Figure 860: Before Watchmen: Silk Spectre also featured the worst of Jim Lee’s generally execrable variant covers for the series. |
At least some of these problems are addressed by Cooke’s other Before Watchmen series, Before Watchmen: Silk Spectre. The book’s racial politics are still deeply imperfect, with the overwhelming majority of non-white characters being villains, as are its gender politics. But there’s at least an evident investment in the latter, and one that came into the book’s conception quite early. Cooke made the presence of artist and co-writer Amanda Conner a precondition for taking on the book, on the grounds that, as he puts it, “I didn’t feel like I could convincingly write a young girl at that point in her life.” The breakdown of work appears to be that Cooke came up with the basic plot, and that Conner did actual page breakdowns (Cooke explicitly credits her with the decision – unique among the Before Watchmen artists – to work entirely within the nine-panel grid) and a lot of the nuance.
For the most part, this breakdown of duties favors Conner.
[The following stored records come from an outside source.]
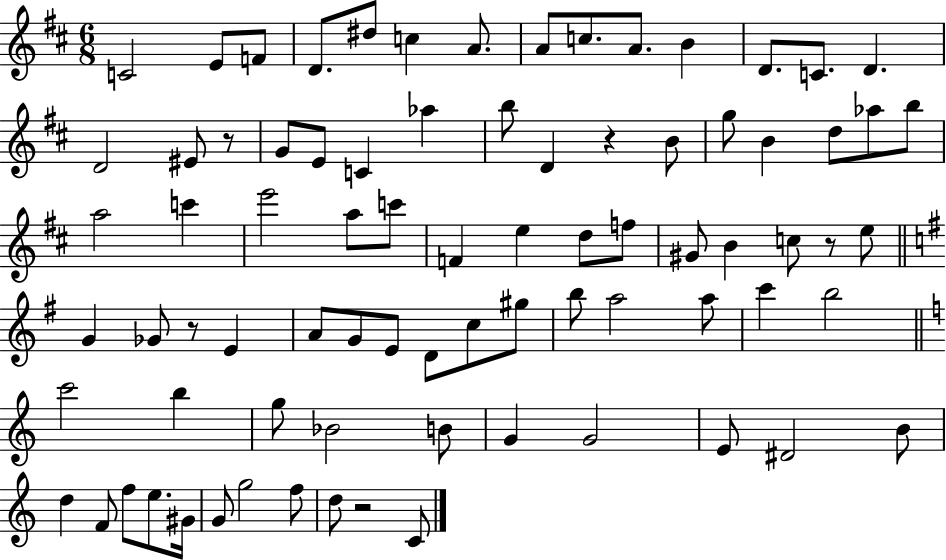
X:1
T:Untitled
M:6/8
L:1/4
K:D
C2 E/2 F/2 D/2 ^d/2 c A/2 A/2 c/2 A/2 B D/2 C/2 D D2 ^E/2 z/2 G/2 E/2 C _a b/2 D z B/2 g/2 B d/2 _a/2 b/2 a2 c' e'2 a/2 c'/2 F e d/2 f/2 ^G/2 B c/2 z/2 e/2 G _G/2 z/2 E A/2 G/2 E/2 D/2 c/2 ^g/2 b/2 a2 a/2 c' b2 c'2 b g/2 _B2 B/2 G G2 E/2 ^D2 B/2 d F/2 f/2 e/2 ^G/4 G/2 g2 f/2 d/2 z2 C/2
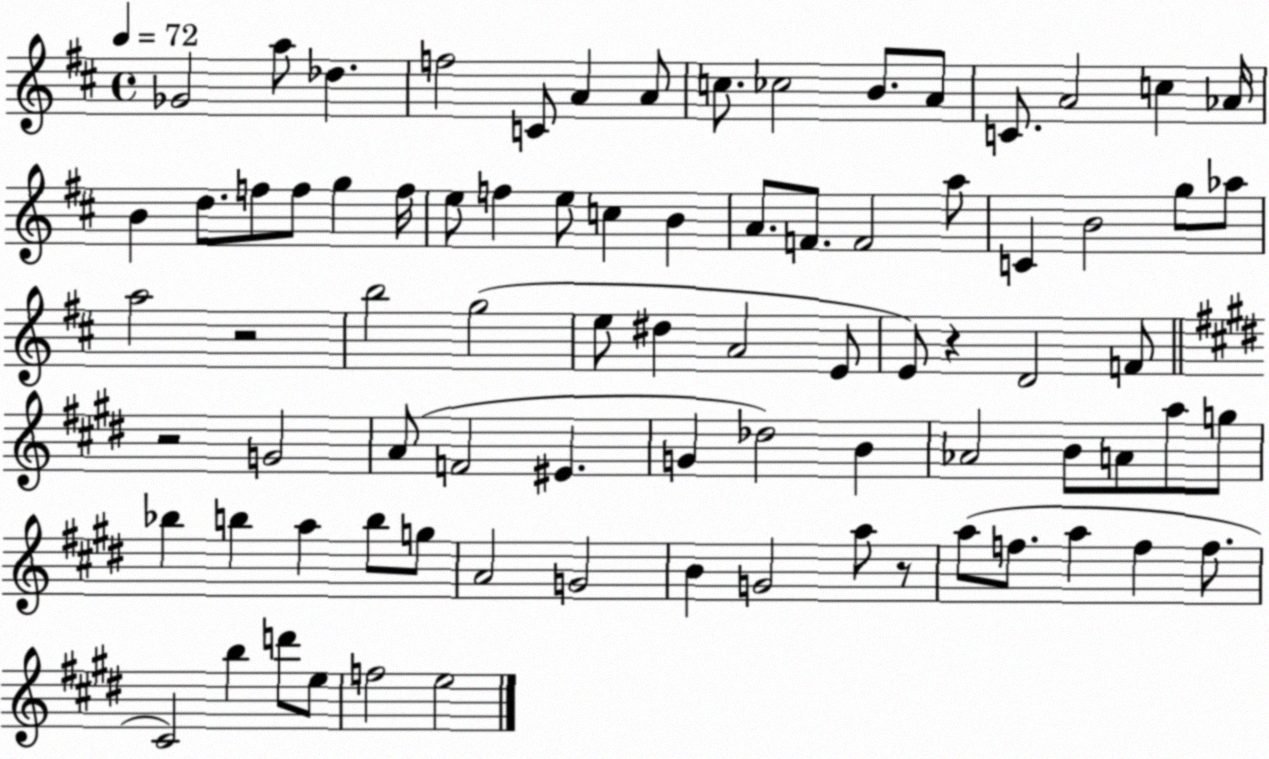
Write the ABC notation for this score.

X:1
T:Untitled
M:4/4
L:1/4
K:D
_G2 a/2 _d f2 C/2 A A/2 c/2 _c2 B/2 A/2 C/2 A2 c _A/4 B d/2 f/2 f/2 g f/4 e/2 f e/2 c B A/2 F/2 F2 a/2 C B2 g/2 _a/2 a2 z2 b2 g2 e/2 ^d A2 E/2 E/2 z D2 F/2 z2 G2 A/2 F2 ^E G _d2 B _A2 B/2 A/2 a/2 g/2 _b b a b/2 g/2 A2 G2 B G2 a/2 z/2 a/2 f/2 a f f/2 ^C2 b d'/2 e/2 f2 e2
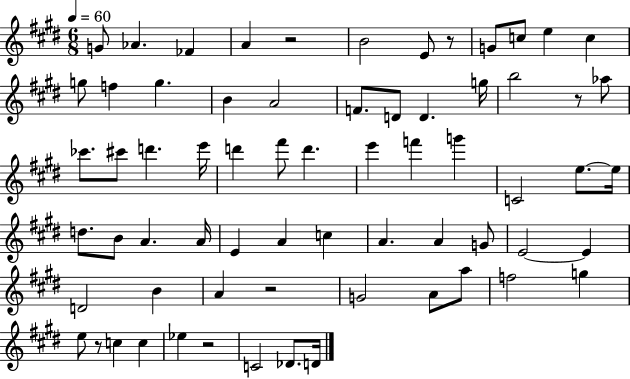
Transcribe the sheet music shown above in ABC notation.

X:1
T:Untitled
M:6/8
L:1/4
K:E
G/2 _A _F A z2 B2 E/2 z/2 G/2 c/2 e c g/2 f g B A2 F/2 D/2 D g/4 b2 z/2 _a/2 _c'/2 ^c'/2 d' e'/4 d' ^f'/2 d' e' f' g' C2 e/2 e/4 d/2 B/2 A A/4 E A c A A G/2 E2 E D2 B A z2 G2 A/2 a/2 f2 g e/2 z/2 c c _e z2 C2 _D/2 D/4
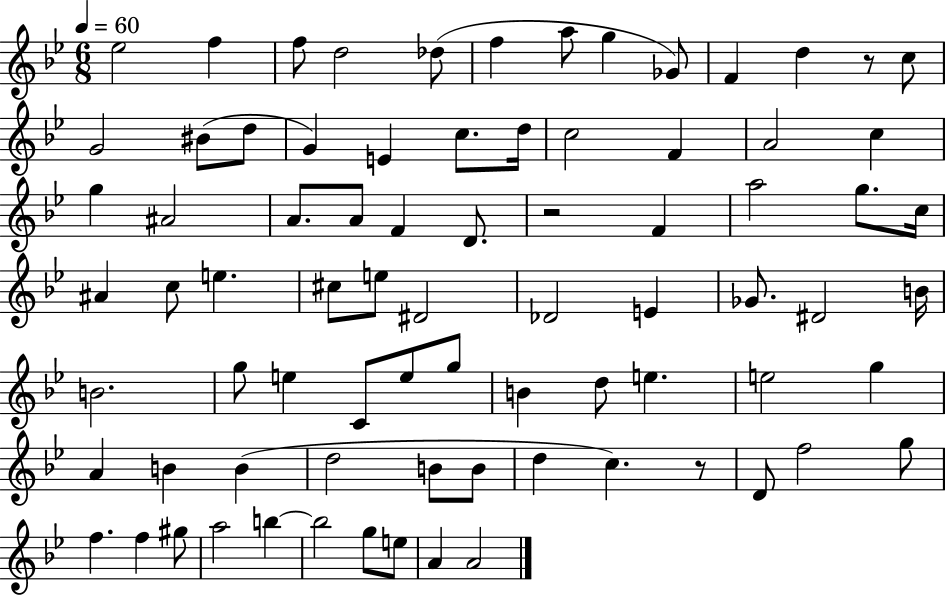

The overall plot, after all, is where much of the weakness comes in. The premise – a sixteen year old Laurie Juspeczyk runs away from home in frustration at her mother’s demands on her and lives amongst hippies in 1966 San Francisco for a bit – is a solid idea. But the execution, which ultimately hinges on her two father figures, Eddie Blake and Hollis Mason, going to San Francisco to, in their own ways, rescue her. It’s certainly a story with a female lead character, but it’s a story that’s ultimately about the way in which Laurie is a possession traded among men, focusing heavily on her obsession with boys and closing with the abortive Crimebusters meeting depicted in Watchmen #2 with her giving her (ironic given Watchmen) assessments of the characters, before a final splash page of Laurie sitting between Night Owl and Doctor Manhattan, her two romantic interests in Watchmen, making eyes at Doctor Manhattan and thinking, “get a load of this guy. He looks like one of those classical greek statues! But with no hair. Kinda like an Oscar. He’s so big. And beautiful. And blue. I wonder what it would be like to take him home. I bet that would really, really piss off my mom.” Making this finish all the more unsettling is the angle chosen, which frames Laurie and Doctor Manhattan in the midground, with the foreground occupied by the Comedian’s legs, symbolically placing Laurie on “daddy’s” lap and continuing the tacit theme of paternal forces controlling Laurie.
Within the confines of these problems, however, is Amanda Conner, who is perfectly suited to rescue the project from its own worst impulses. Conner is a longtime industry veteran who broke into comics in the late 80s and worked on a variety of titles for Marvel, DC, and other companies before, in the early 21st century, finally emerging as a major talent. Her style is firmly rooted in the comics tradition of good girl/cheesecake art, and her books are full of sexy women with ample curves, which she draws in an appealing and light-heartedly cartoonish style. But her real specialty is in facial expressions, through which she gives her characters a wealth of humanity and depth that female characters in American superhero comics all too often lack. Simply put, Amanda Conners is adept at having her characters go through a range of emotions within a scene.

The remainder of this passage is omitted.